A word-for-word copy is needed of the line containing "What is Turner Syndrome?" and every line after it through the end of the records below, leaving out all pictures.

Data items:
---*---

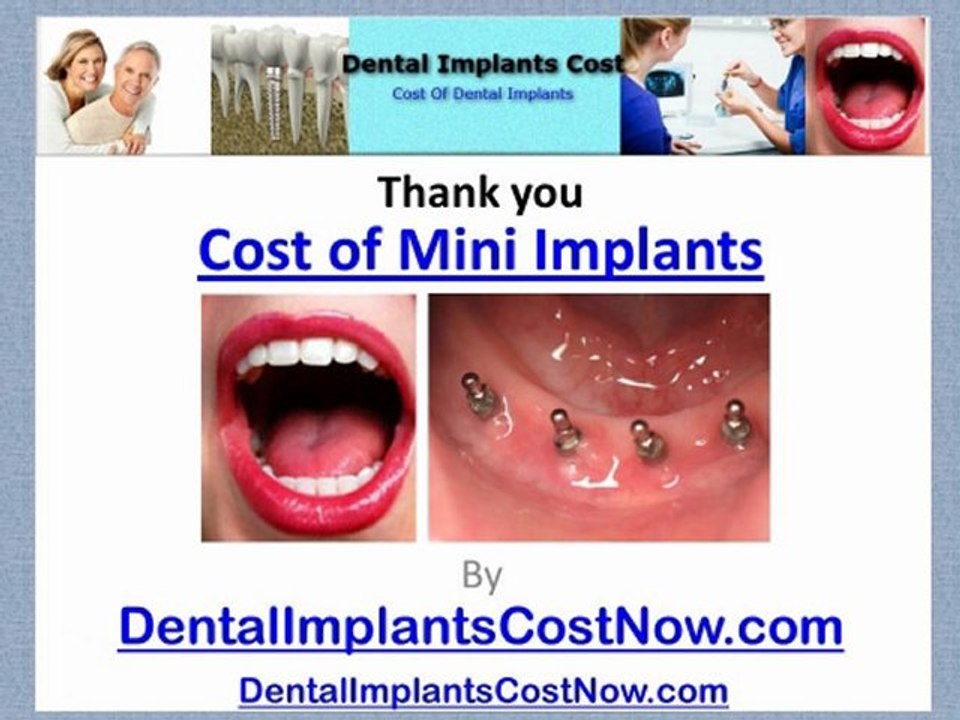 Cost Of Mini Implants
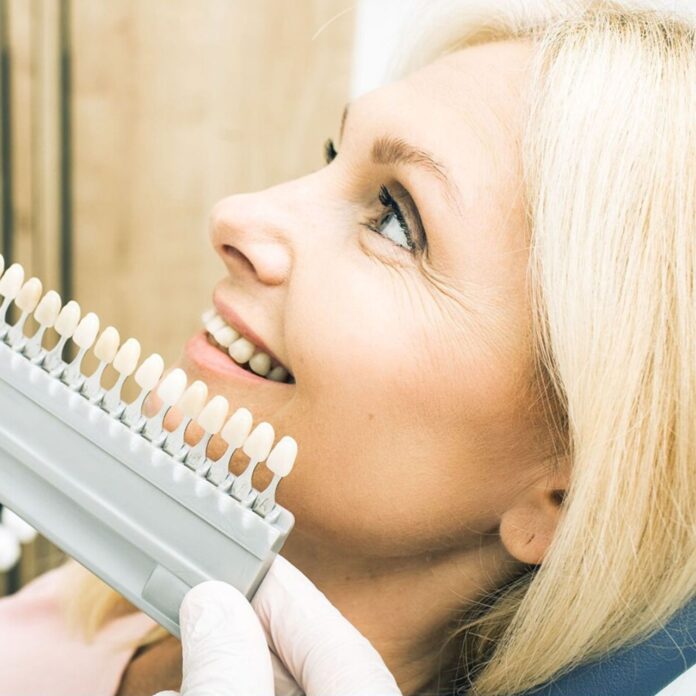 smile makeover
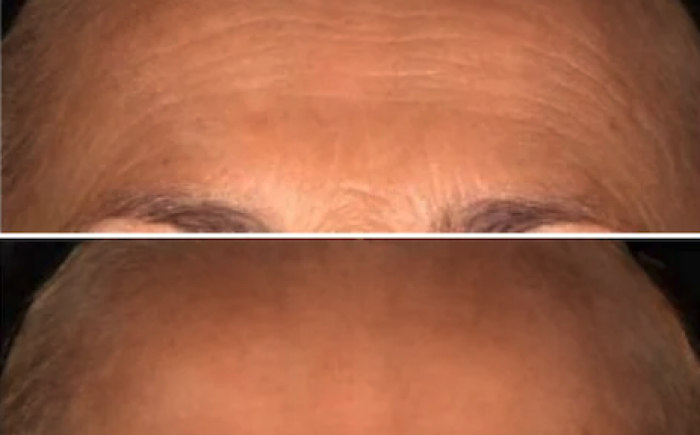 Botox voorhoofd – natuurlijk voor en na resultaat Voor en na resultaat van Botox voorhoofd behandeling met zichtbaar verzachte horizontale voorhoofdsrimpels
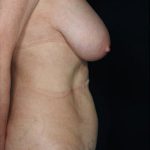 Tummy Tuck Before & After Patient #8043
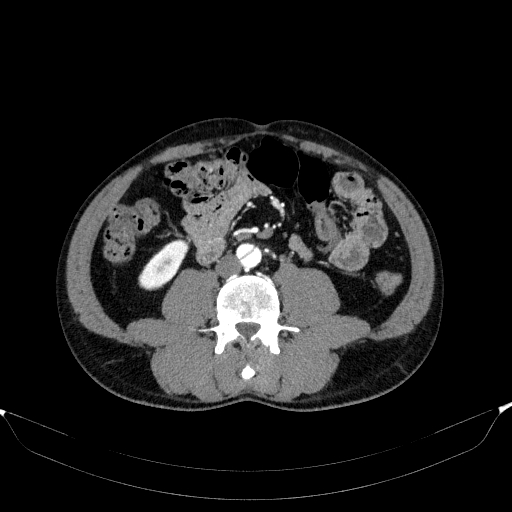 Aortic dissection - Stanford type A (Radiopaedia 83418-98500 A 86).jpg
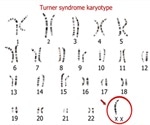 What is Turner Syndrome?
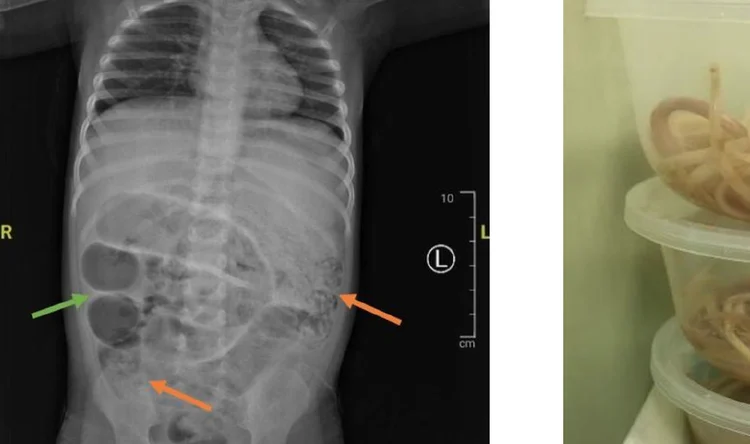 Anak di Jember Alami Perut Membesar karena Cacing, Ini Kata Ahli Parasitologi UM Surabaya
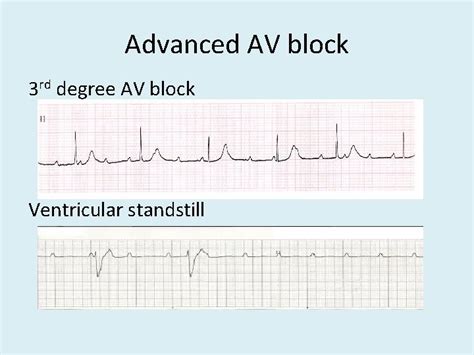 Image result for ACLS Code Blue Algorithm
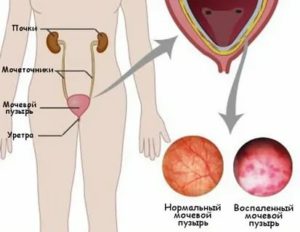 Может ли пиелонефрит вызвать молочницу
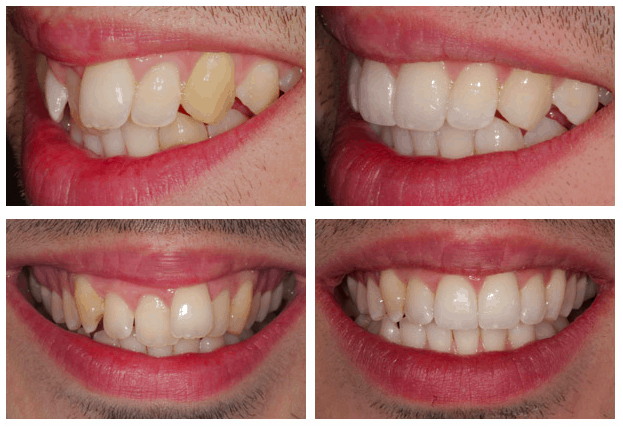 Inman Aligner before and after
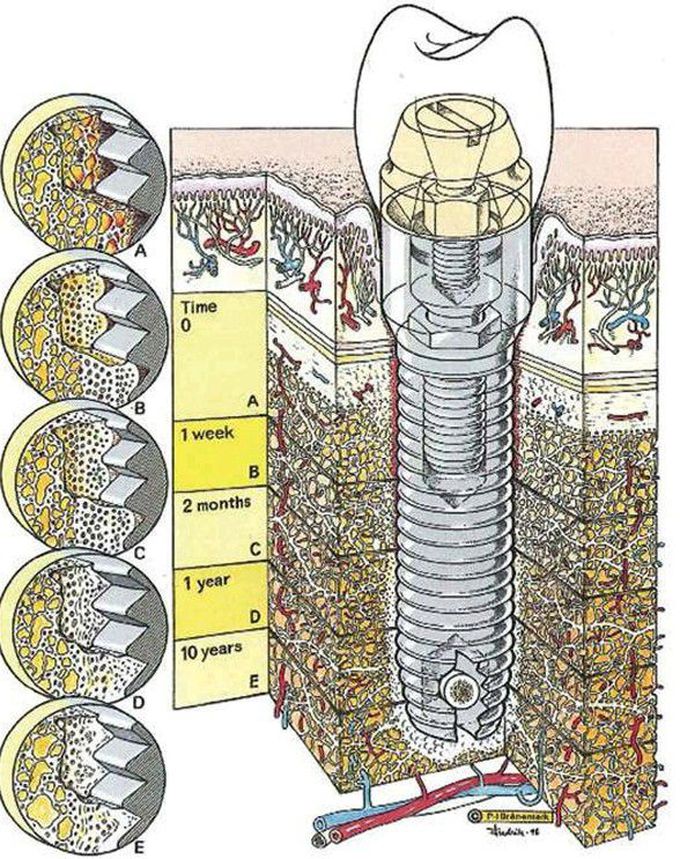 Dental implant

---*---

SOLUTION TO THIS EXERCISE →
 What is Turner Syndrome?
 Anak di Jember Alami Perut Membesar karena Cacing, Ini Kata Ahli Parasitologi UM Surabaya
 Image result for ACLS Code Blue Algorithm
 Может ли пиелонефрит вызвать молочницу
 Inman Aligner before and after
 Dental implant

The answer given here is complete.